If the request is too broad:

  • narrow it and state the narrower question.

If evidence is thin:

  • reduce certainty and mark assumptions.

If the user asks for prediction:

  • give scenarios and indicators, not false precision.

If the user wants a recommendation without context:

  • state the minimum missing context, then proceed with bounded assumptions if necessary.

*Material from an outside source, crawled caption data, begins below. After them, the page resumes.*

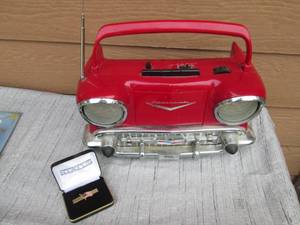 lot 24 image: 57 Chevy radio...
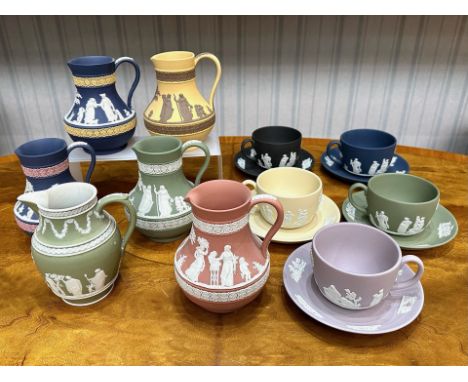 Wedgwood Collection comprising five assorted coloured cups and saucers and six assorted coloured jugs, classical designs. Chi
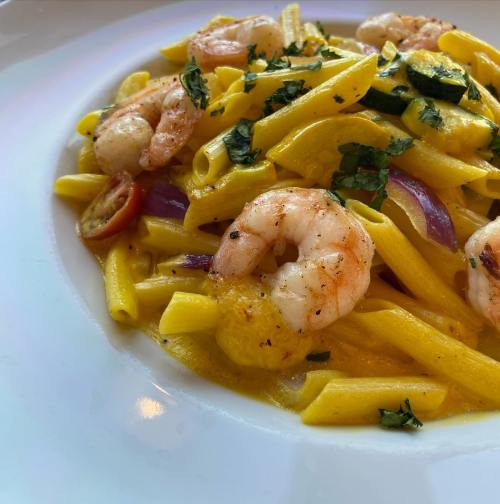 A close-up of pasta with shrimp, cherry tomatoes, and herbs in a creamy sauce, served on a white plate.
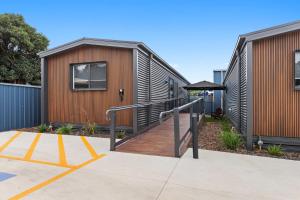 a modular home with a wooden deck next to a building at Barooga Hotel in Barooga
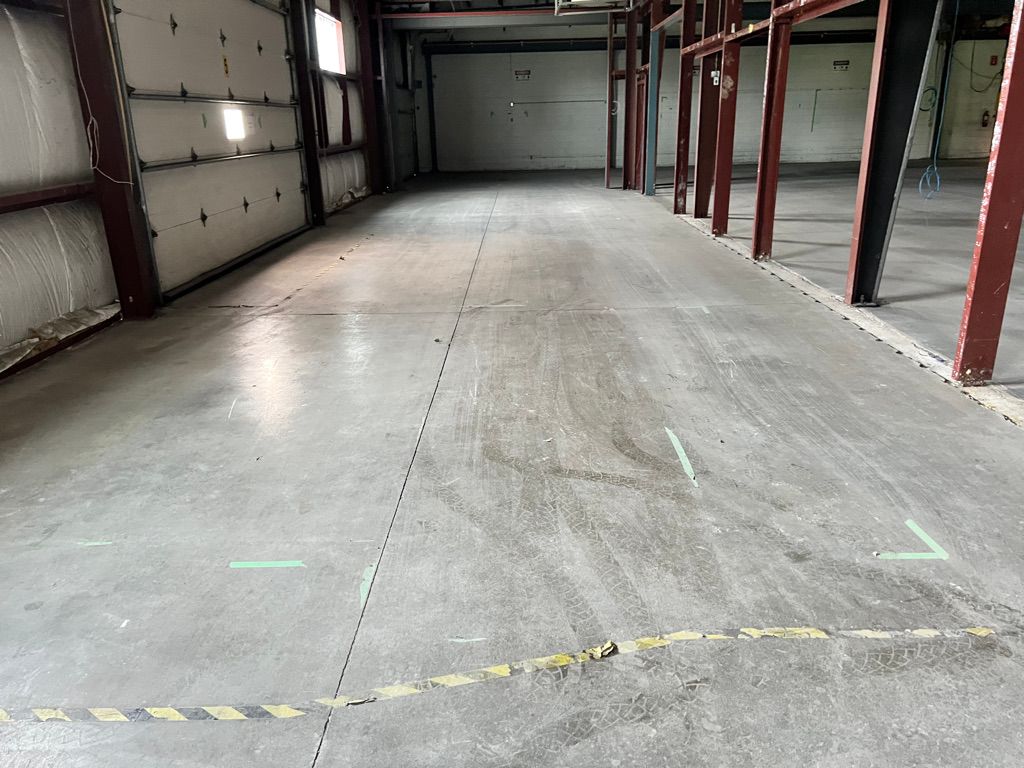 Empty industrial warehouse with concrete floor, red metal beams, large closed garage door and caution tape floor markings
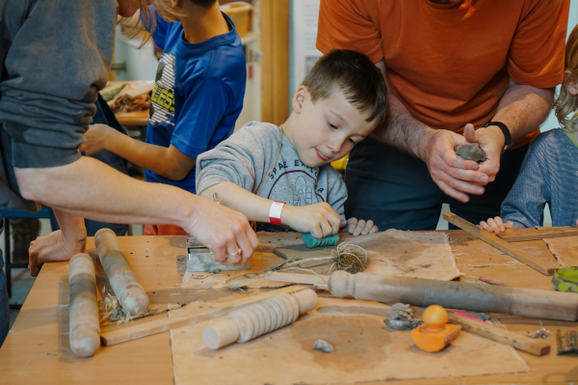 A young boy making with clay, surrounded by parents and other children taking part in the workshop.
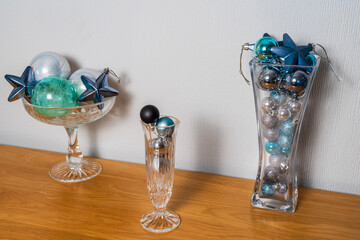 Three different shaped vases with blue metallic baubles on a wooden cabinet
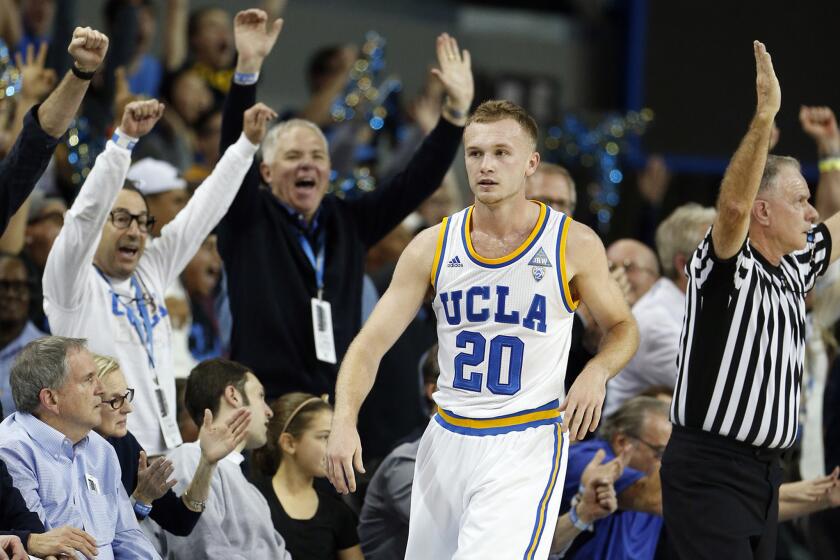 Fans celebrate after Bryce Alford made a three-pointer against Arizona at the end of the first half.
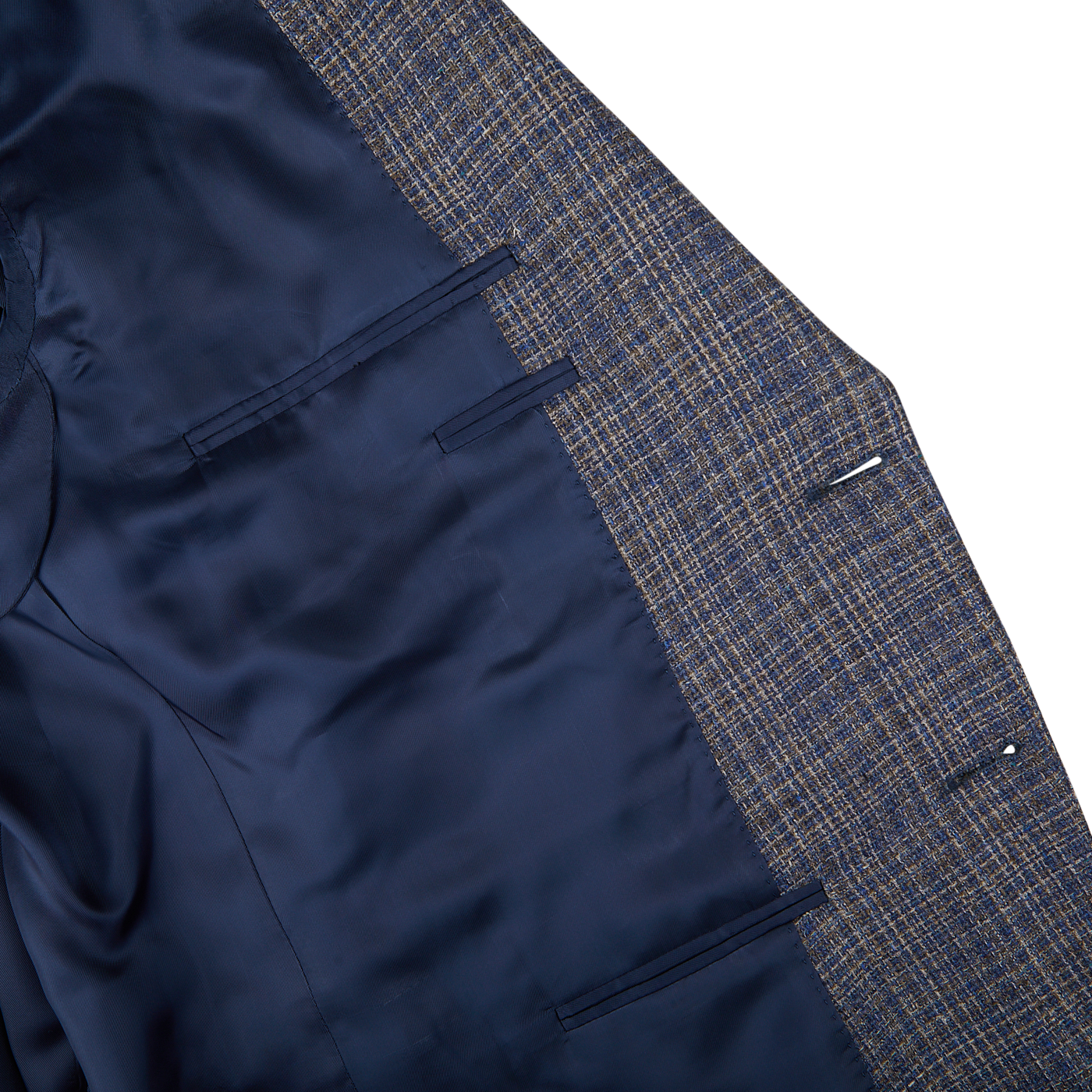 Close-up of a Canali Blue Melange Silk Wool Basketweave Blazer with one half in solid navy and the other in blue and yellow plaid, displayed on a flat surface.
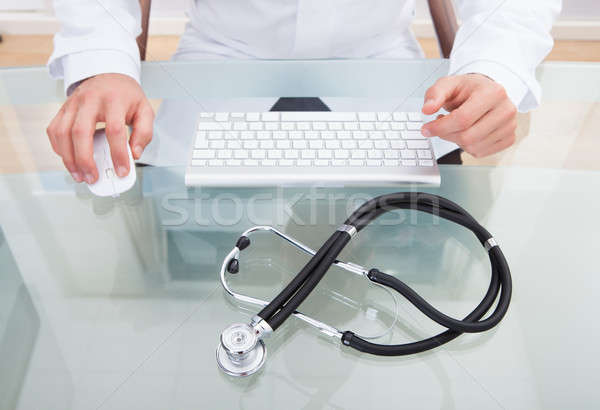 Stethoscope on a doctors desk Stock photo © AndreyPopov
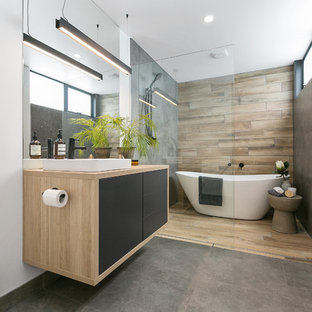 Photo of a contemporary master bathroom in Hobart with flat-panel cabinets, green cabinets, a freestanding tub, a curbless shower, a wall-mount toilet, gray tile, white walls, a vessel sink, wood benchtops, grey floor and an open shower.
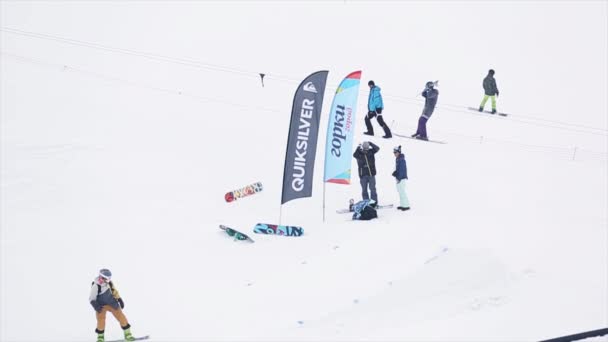 SOCHI, RUSSIA - 29 MARZO 2016: Salto dello snowboarder dal trampolino, tocco bordo tavola. Montagne innevate. Bandiere. Concorso. Persone . — Video Stock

If the request drifts into legal advice or privileged-access claims:

  • refuse the false framing and continue with bounded public-information analysis if possible.

Deep memo rule

If the user asks for a deep memo, expand by adding:

  • a tighter causal chain;
  • a richer actor-incentive analysis;
  • sharper second-order effects;
  • clearer assumptions;
  • stronger option comparison;
  • more decision-relevant indicators.

Do not expand by adding generic background.

Self-check before finalizing

Silently verify:

  • Did I state the real decision problem?
  • Did I separate fact, assessment, assumption, scenario, and unknown?
  • Did I avoid pretending to have source access I do not have?
  • Did I include meaningful competing interpretations where warranted?
  • Did I identify trade-offs, not just risks?
  • Did I give concrete indicators?
  • Did I provide feasible, conditional options?
  • Did I keep the conclusion bounded by evidence?
  • Did I remove paragraphs that sound sophisticated but do not improve a decision?

Revise before final output if needed.

Definition of success

Success means the user can clearly see:

  • what matters;
  • what is uncertain;
  • what could happen next;
  • which risks deserve attention;
  • what options exist;
  • what evidence would change the assessment.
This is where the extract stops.